1. This sense which you attach to the word gehenna as used in the New Testament, is without any foundation in history.There is no evidence, to my knowledge, that criminals were executed in the valley of Hinnon in the days of Christ or his Apostles. Josephus gives no such intimation nor do the New Testament writers. Nor is there the least shadow of evidence that fire for any purpose, was then kept burning, in this once dreadful valley. For all that appears to the contrary, the Valley of Hinnon was as pleasant and agreeable a spot, in it

self considered, in the days of our Saviour's ministry, as it was in the days of Abraham. The notion that a fire was kept burning here in the days of Christ, for the execution of criminals or for burning offal, has become somewhat prevalent, but it rests for proof wholly upon the assertion of a Jewish Rabbi by the name of Kimchi, who flourished in the fourteenth century.We are not satisfied with this assertion.

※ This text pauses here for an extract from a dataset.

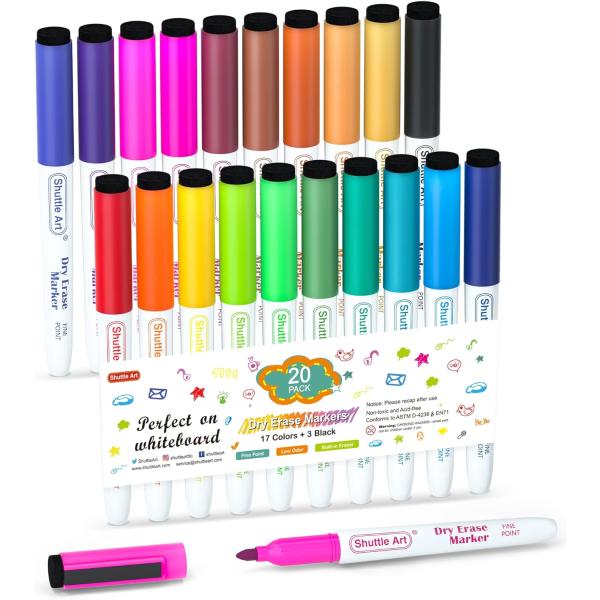 ShuttleArt ホワイトボードマーカー 消せるマーカーペン 20色セット 磁気 マグネット付 イレーサー付 ホワイトボード用 ガラス LED看板に書ける オフィス 学校用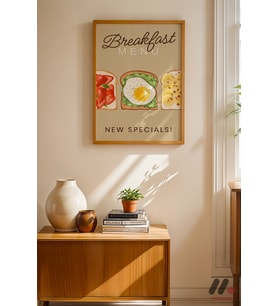 Breakfast Menu Posteri, Ahşap Çerçeveli Duvar Tablosu - Mutfak Dekorasyonu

2. The sense which you would have us attach to the word gehenna, makes Christ utter nonsense, and falsehood, when he uses the word. Let us see. Our Saviour says: "Whosoever shall say, thou fool, shall be in danger of (gehenna) hell fire." Math. 5: 22. Now, put your construction upon the word gehenna and how will it read? Whosoever shall say, thou fool, shall be in danger of being burnt alive as a criminal in the valley of Hinnon!! Now is it so? Are those who berate and slander their neighbors, in danger of being transported to Jerusalem, and then burnt as criminals? But perhaps you will say this was designed to apply to the Jews only. But I ask what evidence have you that the Jews had any law against the sin of calling a person a fool? Can you, can all the Universalists in the world, produce one word from Jewish history, going to show that according to your construction of the word gehenna, Christ spoke the truth, when he said "Whomsoever shall say thou fool, shall be in danger of (gehenna) hell fire?

Take another passage. "And if thy right eye offend thee pluck it out and cast it from thee, for it is profitable for thee that one of thy members should perish and not that thy whole body should be cast into (gehenna) hell; and if thy right hand offend thee cut it off and cast it from thee, for it is profitable for thee that one of thy members should perish and not thy whole body be cast into (gehenna) hell." Math. 5: 29, 30. Mark 9: 43, 45.

How can you harmonize this passage with your sense of the word gehenna? Can you understand how a person was liable to be burnt in the valley of Hinnon, for having an offending eye or hand? Christ is here inveighing against the lascivious look; sin in the heart. The Jews had no civil laws against such sins.

Look at another passage. "Woe unto you Scribes, Pharisees, and hypocrites, for ye compass sea and land to make one proselyte, and when he is made, ye make him two-fold more the child of (gehenna) hell than yourselves." Math. 23: -15.